Wujud Kebudayaan Masyarakat

 

TEROKA

Potret Sastra Kita

Oleh M Abdul Rohim

Jika kehidupan ini diibaratkan sebagai tubuh, sastra merupakan perasaan. Sementara realitas adalah tubuh. Dunia sastra adalah dunia yang penuh dengan rasa. Sapardi Djoko Damono mendefinisikan sastra sebagai dunia puitik dari realitas (Wahyu Wibowo; 1993).

Sastra adalah wujud dari kebudayaan masyarakat. Dunia kepengarangan pujangga merupakan nadi sastra. Bahkan, sastra adalah sebuah penjelmaan dari apa yang sebenarnya tengah terjadi. Banyak novel yang lahir dari tangan seorang sastrawan merupakan rekaman sejarah yang dibalut dengan cerita fiktif. Akan tetapi, novel-novel tersebut merupakan hasil dari penelitian panjang sang penulis. Salah satu sastrawan yang getol dengan novel sejarahnya adalah Pramoedya Ananta Toer.

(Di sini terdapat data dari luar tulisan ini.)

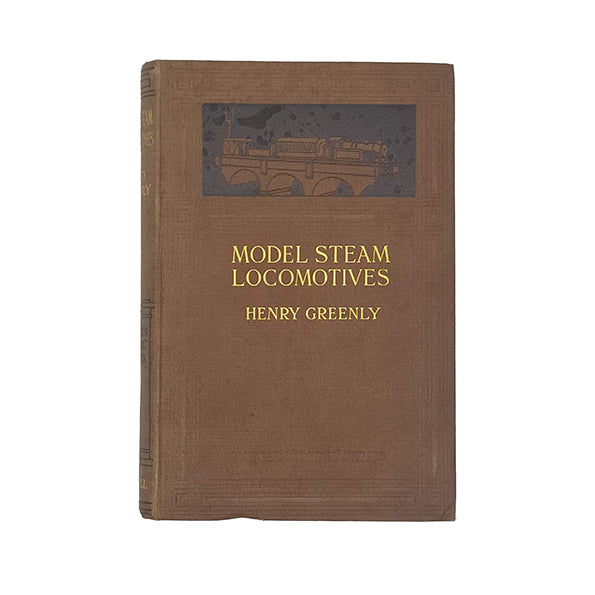 Model Steam Locomotives by Henry Greenly - Cassell 1925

Sastrawan lain adalah Sapardi Djoko Damono. Sapardi, yang lebih dikenal sebagai penyair karena kegetolannya di dunia sajak, juga pernah menyabet penghargaan SAE Write Award di Bangkok. Namun, yang menjadi kebanggaan bukanlah penghargaan simbolis seperti itu. Yang terpenting bagi penyair adalah karya itu sendiri. Karya bagi sastrawan, penyair, ataupun pujangga adalah napas kehidupannya. Selama karyanya masih bisa memberikan wawasan dan terbaca, sastrawan akan sangat bersyukur dan bangga.

Tak diperhatikan

Namun kini, dunia kesusastraan tak lagi dihiraukan oleh masyarakat. Pemerintah yang merupakan pengayom dan pelindung sastra tak lagi memikirkan nasibnya. Pemerintah enggan untuk menjadikan sastra sebagai basis kebudayaan di negerinya. Padahal, sastra merupakan lambang kebudayaan bangsa dari pelbagai generasi dan pemerintahan. Pada masa Kartasura, sastra merupakan salah satu unsur yang sangat diperhatikan oleh kerajaan. Seorang pujangga ditempatkan pada posisi agung.

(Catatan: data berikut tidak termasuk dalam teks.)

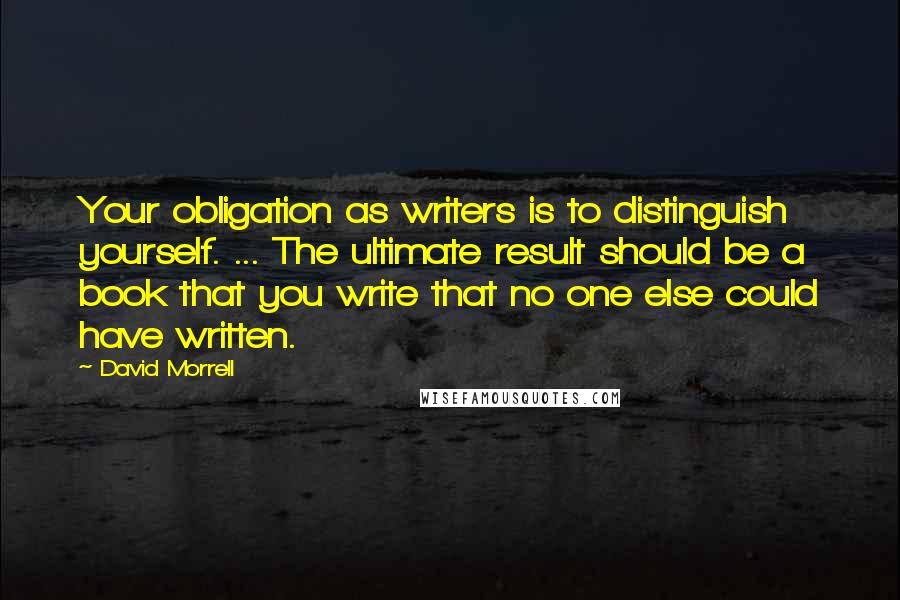 David Morrell Quotes: Your obligation as writers is to distinguish yourself. ... The ultimate result should be a book that you write that no one else could have written.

Pujangga zaman kerajaan memiliki totalitas dalam dunia kepenyairan. Karyanya tidak hanya merupakan kegelisahan dalam hati, tetapi karya yang diciptakan juga merupakan hasil olah rasa yang panjang dan mendalam. Hal ini senada dengan kebudayaan Jawa yang selalu mengedepankan olah rasa dalam setiap gerak-gerik kehidupannya (Niels Mulder; 2009).

Salah satu karya fenomenal yang masih menjadi perbincangan karena daya magisnya adalah Serat Jayabaya. Serat Jangka Jayabaya ini disusun oleh Pangeran Widjil pada 1741-1743 (R Tanojo; 1946) dan digubah oleh Raden Ngabehi Ronggowarsito pada 1842.

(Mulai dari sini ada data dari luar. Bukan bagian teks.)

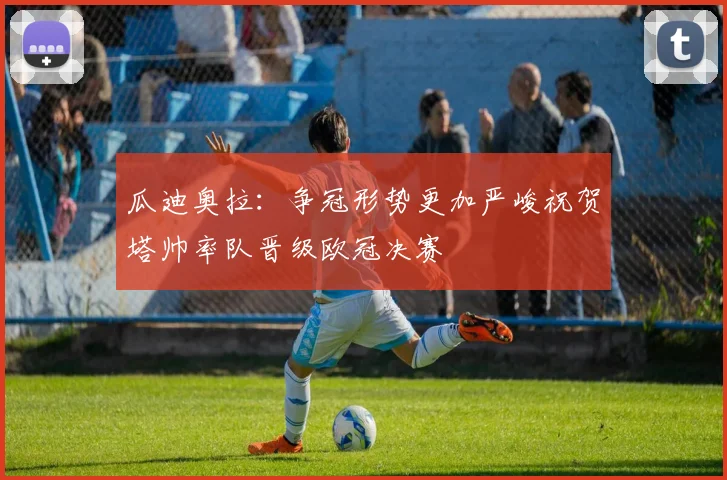 瓜迪奥拉：争冠形势更加严峻祝贺塔帅率队晋级欧冠决赛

Serat ini tidak hanya berupa karya sastra yang biasa dikenal dengan dunia fiktifnya. Namun, serat ini juga merupakan salah satu hasil olah rasa sang pujangga yang mampu meramalkan masa depan sebuah bangsa (Indonesia). Banyak peneliti mengamini kebenaran yang terkandung dalam serat ini.

Pendidikan sastra

Mayoritas masyarakat tidak mengenal sastra dengan baik. Kurangnya pemahaman masyarakat akan sastra adalah akibat pendidikan yang tidak memberikan ruang. Agus R Sarjono (2003) menjelaskan, munculnya Taman Ismail Marzuki (TIM) pada 1960-an merupakan salah satu alternatif yang digunakan oleh para penyair dan pekerja seni untuk mendapatkan ruang. TIM awal mulanya adalah oase bagi para penyair untuk ruang ekspresi. Namun kemudian TIM tak dapat membendung arus politis yang terjadi pada waktu itu sehingga akhirnya banyak bermunculan komunitas baru.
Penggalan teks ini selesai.